You say that I should learn automation and then progress from there?
I want to learn the problem solving and the specifics of CNC machines...
ps: when will you have the PCB making tutorial? I'm truly looking forward to that :)
@clauds Hello Clauds. I am not sure that you want to learn about the electronics of a CNC, but rather about the electric installation. You want to know about problem solving or theory of operation? I cannot suggest you a book or site, because i learned myself the systems through the years of practice. The only books that i read so far are the datasheets of the parts (PLCs, inverters, controllers, drivers etc) and the electrical drawings. What i can surely suggest, are books about electrical automation.
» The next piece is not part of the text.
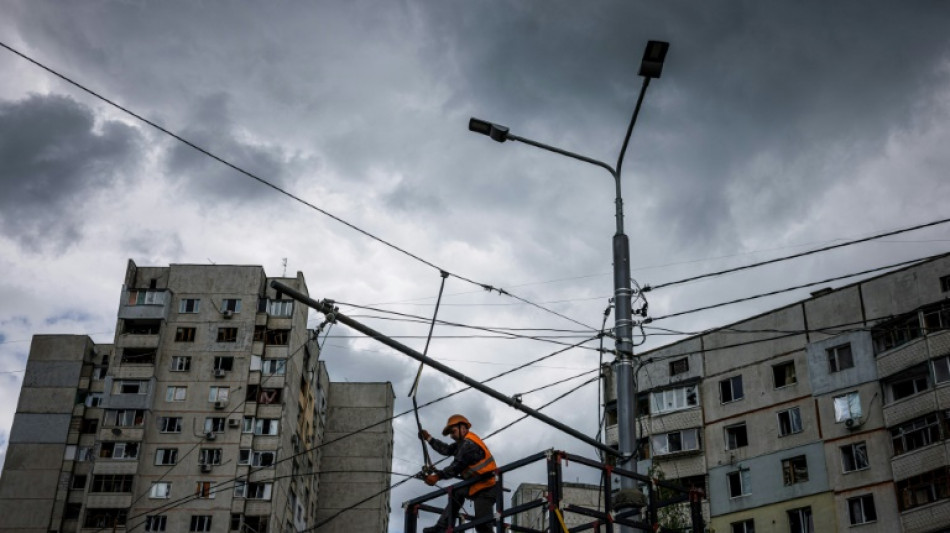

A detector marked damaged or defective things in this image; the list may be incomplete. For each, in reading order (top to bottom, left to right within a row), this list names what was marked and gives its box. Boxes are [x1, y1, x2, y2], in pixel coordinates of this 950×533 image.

This will give you a kick-start to go to more advanced systems, like PLCs. You can experiment for example with the Mitsubishi Alpha PLC, which is powerful, easy to learn and relatively cheap.
Firstly, thanks for such a great and informative website, this is where i've learnt most of what I know now... However Im still a beginner in this field and have so much to learn, but 2 months ago I knew nothing about electronics and now can build systems that I can use...
Im a business owner with 45 CNC lathes, 12 CNC milling machines and 3 robotic arms...
Im creating my own terminal system for production monitoring and then plan to move over to creating robotics for CNC application...
I've designed quite a few things with the robots that the suppliers said was impossible, so im very keen to further my knowledge on my CNC machines because here in South Africa, we get charged an arm and a leg for repairs due the shortage of technicians and the crazy profits they want to make, and worst of all, they are not happy to try create new systems, they just want to make money from repairs...
Could you suggest any books or sites where I could learn more about the electronics for CNC machines?
Oh no, i am not a techician at all.
still a university student, electronics and computing engineering.
but since i am the only one in my fmaily with some knowledge of electronics i get all the no longer working electronics and i am expected to repair them. some do get repaired, many others end up worse than when i got them.
pardon my late answer i am not a regular.